- _Data for this exercise_
+++++

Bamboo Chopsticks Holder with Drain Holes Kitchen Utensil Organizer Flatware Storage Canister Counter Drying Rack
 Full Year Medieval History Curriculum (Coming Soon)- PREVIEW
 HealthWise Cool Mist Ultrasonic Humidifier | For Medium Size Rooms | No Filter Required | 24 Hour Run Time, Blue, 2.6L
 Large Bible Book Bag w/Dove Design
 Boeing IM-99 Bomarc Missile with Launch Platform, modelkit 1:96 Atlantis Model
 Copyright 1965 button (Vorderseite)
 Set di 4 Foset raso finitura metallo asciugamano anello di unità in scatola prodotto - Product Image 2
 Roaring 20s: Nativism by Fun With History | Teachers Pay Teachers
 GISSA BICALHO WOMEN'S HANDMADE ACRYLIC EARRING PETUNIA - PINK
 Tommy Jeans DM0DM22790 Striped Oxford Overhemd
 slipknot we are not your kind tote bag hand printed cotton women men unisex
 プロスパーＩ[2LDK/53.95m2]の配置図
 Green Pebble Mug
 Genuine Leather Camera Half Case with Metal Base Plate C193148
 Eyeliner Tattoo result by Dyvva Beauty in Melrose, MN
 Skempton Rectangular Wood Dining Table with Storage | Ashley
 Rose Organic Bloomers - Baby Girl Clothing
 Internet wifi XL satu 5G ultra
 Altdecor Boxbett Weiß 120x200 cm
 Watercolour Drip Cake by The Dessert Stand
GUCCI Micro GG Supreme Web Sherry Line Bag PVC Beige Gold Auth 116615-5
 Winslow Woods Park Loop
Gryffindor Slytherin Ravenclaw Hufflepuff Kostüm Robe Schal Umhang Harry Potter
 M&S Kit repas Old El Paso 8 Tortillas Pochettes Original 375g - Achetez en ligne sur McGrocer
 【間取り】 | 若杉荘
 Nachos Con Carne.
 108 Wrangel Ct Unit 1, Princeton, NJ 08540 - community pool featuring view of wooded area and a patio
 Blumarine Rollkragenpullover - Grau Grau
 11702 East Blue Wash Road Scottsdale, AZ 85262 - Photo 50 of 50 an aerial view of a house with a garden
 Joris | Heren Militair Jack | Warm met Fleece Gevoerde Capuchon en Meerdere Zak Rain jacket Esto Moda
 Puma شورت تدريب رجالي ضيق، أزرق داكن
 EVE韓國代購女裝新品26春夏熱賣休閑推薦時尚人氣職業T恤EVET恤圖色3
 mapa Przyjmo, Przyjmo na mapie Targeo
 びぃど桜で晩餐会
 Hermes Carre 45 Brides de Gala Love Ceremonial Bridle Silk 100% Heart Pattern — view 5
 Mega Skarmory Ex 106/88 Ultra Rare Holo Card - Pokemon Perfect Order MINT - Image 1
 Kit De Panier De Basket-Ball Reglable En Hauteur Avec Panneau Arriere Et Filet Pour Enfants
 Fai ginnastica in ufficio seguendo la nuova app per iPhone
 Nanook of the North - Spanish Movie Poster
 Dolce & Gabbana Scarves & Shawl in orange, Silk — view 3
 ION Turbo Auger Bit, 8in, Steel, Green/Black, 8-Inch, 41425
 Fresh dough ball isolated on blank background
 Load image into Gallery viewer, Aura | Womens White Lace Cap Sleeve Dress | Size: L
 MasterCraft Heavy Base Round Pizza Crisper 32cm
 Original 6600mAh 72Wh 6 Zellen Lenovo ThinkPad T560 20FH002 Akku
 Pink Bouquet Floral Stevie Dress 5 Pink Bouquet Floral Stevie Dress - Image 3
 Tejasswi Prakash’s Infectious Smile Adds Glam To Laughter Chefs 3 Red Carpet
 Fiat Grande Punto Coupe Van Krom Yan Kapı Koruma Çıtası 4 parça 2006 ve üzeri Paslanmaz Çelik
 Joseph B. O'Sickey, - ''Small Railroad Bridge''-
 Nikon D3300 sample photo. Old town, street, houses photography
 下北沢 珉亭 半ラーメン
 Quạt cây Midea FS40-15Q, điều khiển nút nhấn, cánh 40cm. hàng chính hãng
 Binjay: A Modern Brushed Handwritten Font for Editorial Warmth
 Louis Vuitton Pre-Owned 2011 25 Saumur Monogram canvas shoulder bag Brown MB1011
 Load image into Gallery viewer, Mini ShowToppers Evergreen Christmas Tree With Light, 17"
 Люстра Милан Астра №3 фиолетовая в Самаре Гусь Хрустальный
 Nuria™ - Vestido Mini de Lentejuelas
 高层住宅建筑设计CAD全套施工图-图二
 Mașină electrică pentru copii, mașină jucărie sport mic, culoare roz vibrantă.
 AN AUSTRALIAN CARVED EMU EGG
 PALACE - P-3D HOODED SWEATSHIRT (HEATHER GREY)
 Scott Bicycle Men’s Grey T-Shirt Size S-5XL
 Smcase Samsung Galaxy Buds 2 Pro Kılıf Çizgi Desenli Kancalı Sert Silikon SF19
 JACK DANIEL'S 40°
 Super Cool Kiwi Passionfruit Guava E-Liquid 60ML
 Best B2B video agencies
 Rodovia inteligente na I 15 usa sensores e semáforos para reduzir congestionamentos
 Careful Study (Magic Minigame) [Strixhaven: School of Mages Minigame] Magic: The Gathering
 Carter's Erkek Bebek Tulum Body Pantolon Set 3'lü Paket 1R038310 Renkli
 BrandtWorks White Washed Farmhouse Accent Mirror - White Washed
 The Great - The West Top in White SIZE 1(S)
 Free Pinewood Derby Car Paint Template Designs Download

+++++

- _Your objective_
All that is wanted is the stretch of lines above from the one containing "Boeing IM-99 Bomarc" through the one containing "Tommy Jeans DM0DM22790", duplicated exactly.

- _Finished exercise_
 Boeing IM-99 Bomarc Missile with Launch Platform, modelkit 1:96 Atlantis Model
 Copyright 1965 button (Vorderseite)
 Set di 4 Foset raso finitura metallo asciugamano anello di unità in scatola prodotto - Product Image 2
 Roaring 20s: Nativism by Fun With History | Teachers Pay Teachers
 GISSA BICALHO WOMEN'S HANDMADE ACRYLIC EARRING PETUNIA - PINK
 Tommy Jeans DM0DM22790 Striped Oxford Overhemd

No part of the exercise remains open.